Your objective: Copy nothing but the lines from the one containing "Marcus Hearn image" through the last line of the records, repeated exactly and without pictures.
Data listing START
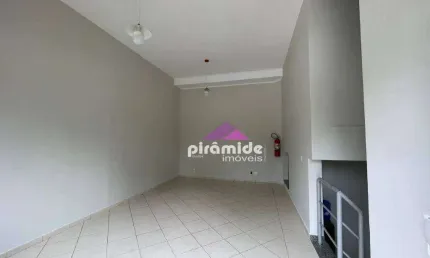 Sala Comercial para alugar, 62m² por R$ 3.670,00/mês - Urbanova - São José dos Campos/SP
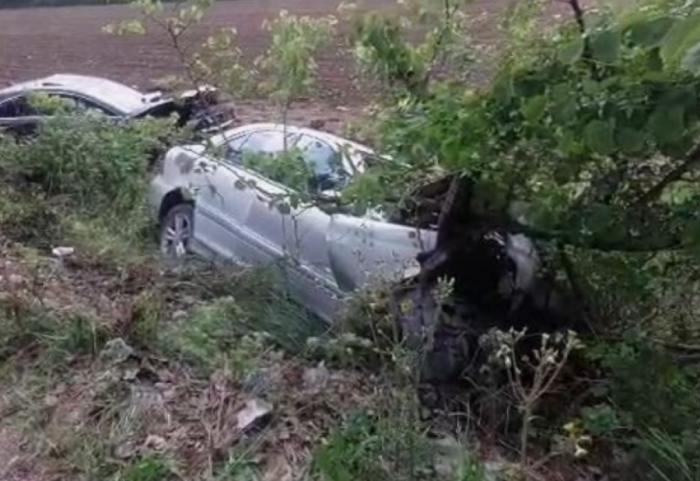 Aksident i rëndë në Thumanë, një humbje jete, ka dhe të plagosur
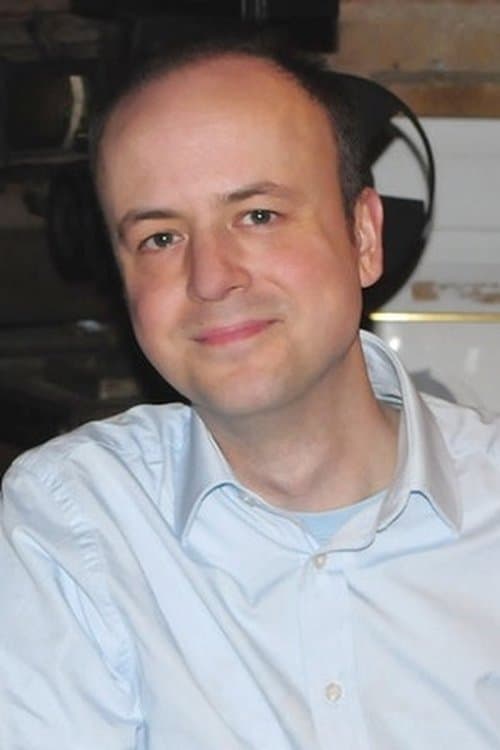 Marcus Hearn image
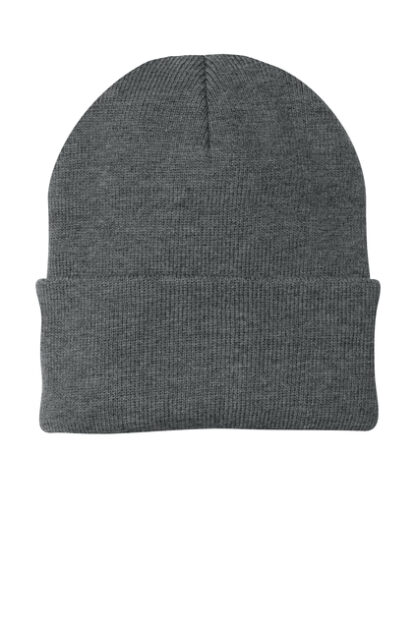 Knit Cap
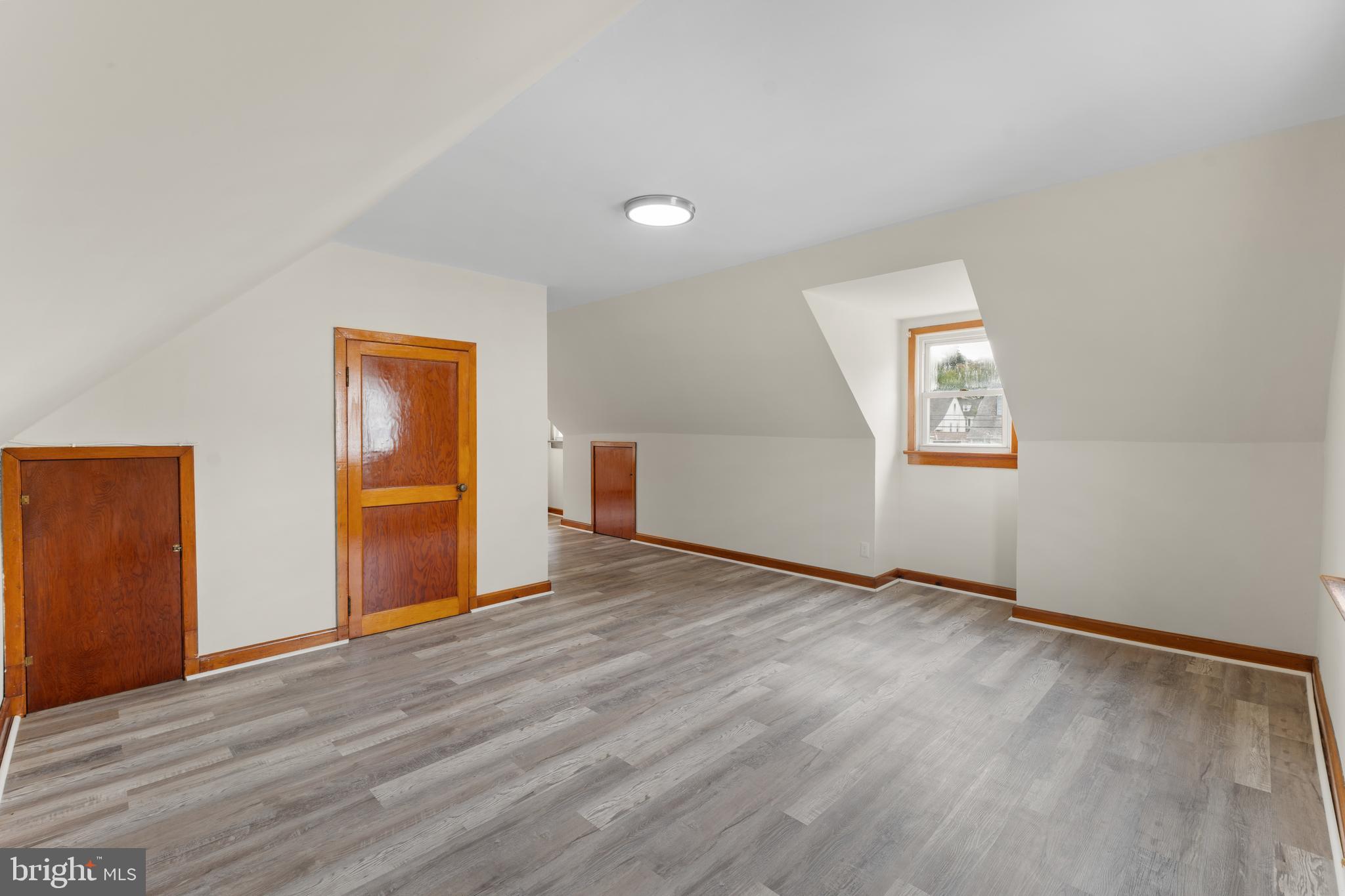 QUEENS CHAPEL MANOR - Residential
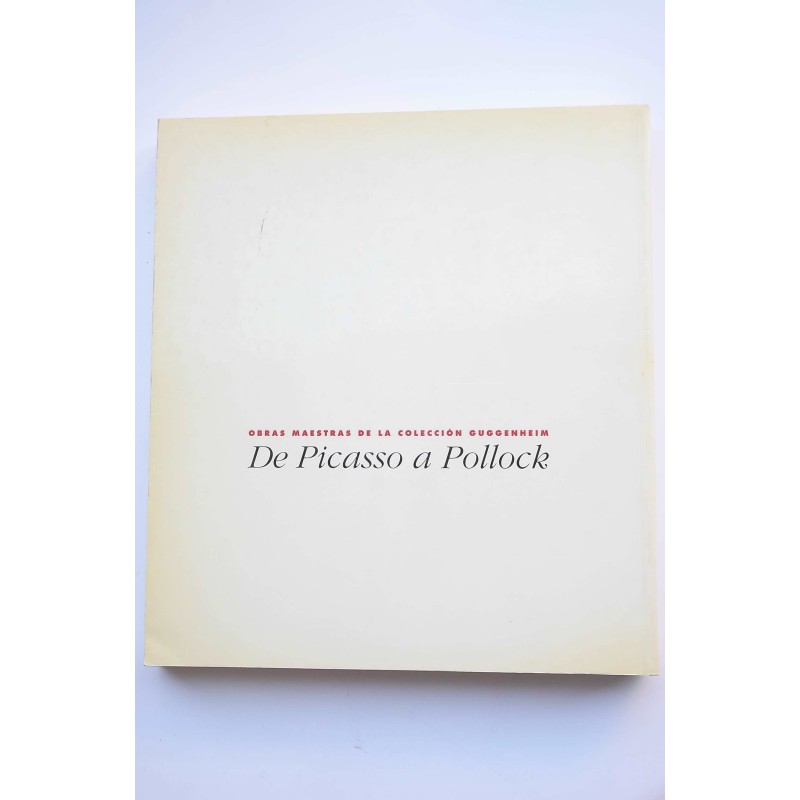 Obras maestras de la Colección Guggenheim : de...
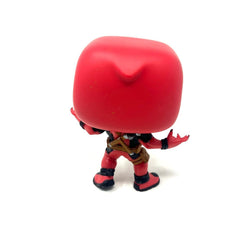 Funko Pop! Games: Marvel Contest of Champions Venompool #300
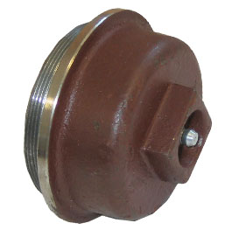 Bouchon de moyeu pour LANDINI 882637M1 adaptable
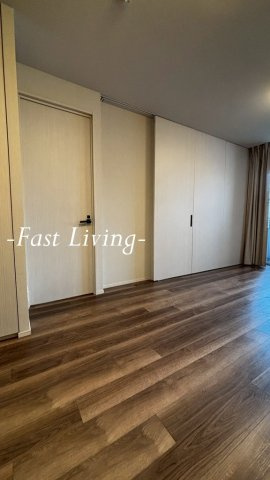 クラッシィハウス神田錦町の洋室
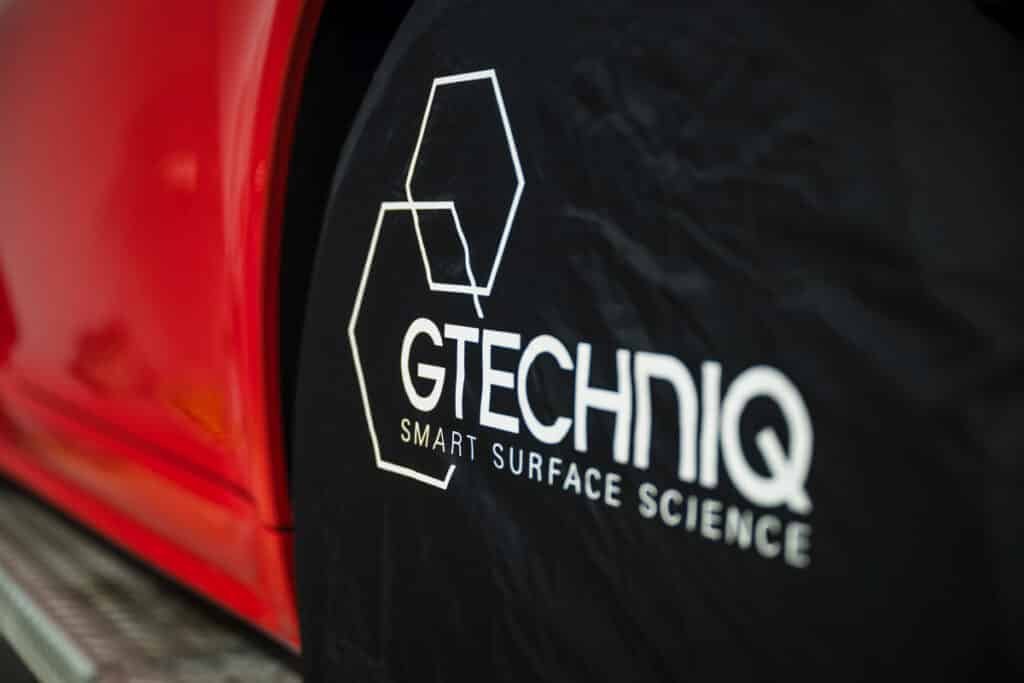 Gtechniq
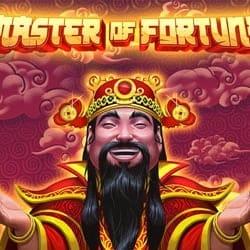 Master of Fortune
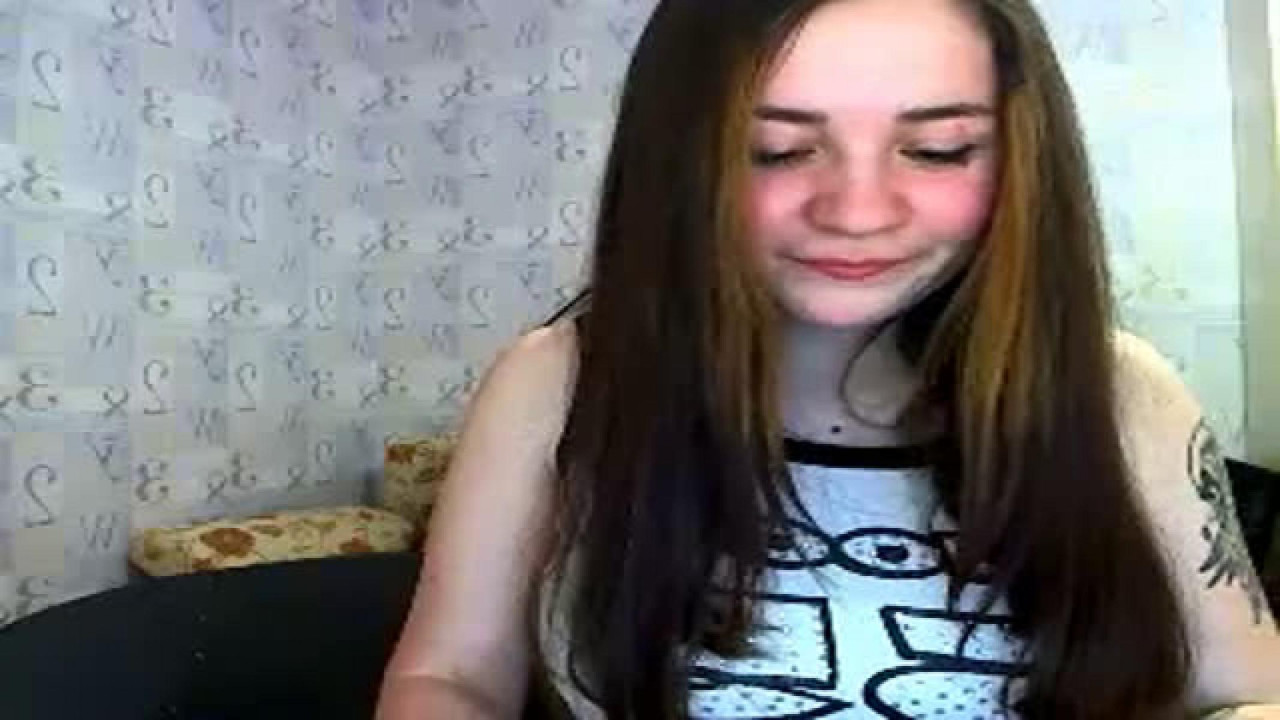 luxurygigl Flashing Webcam [2017/05/10 - 22:06:28]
Data listing END
Written reply:
 Marcus Hearn image
 Knit Cap
 QUEENS CHAPEL MANOR - Residential
 Obras maestras de la Colección Guggenheim : de...
 Funko Pop! Games: Marvel Contest of Champions Venompool #300
 Bouchon de moyeu pour LANDINI 882637M1 adaptable
 クラッシィハウス神田錦町の洋室
 Gtechniq
 Master of Fortune
 luxurygigl Flashing Webcam [2017/05/10 - 22:06:28]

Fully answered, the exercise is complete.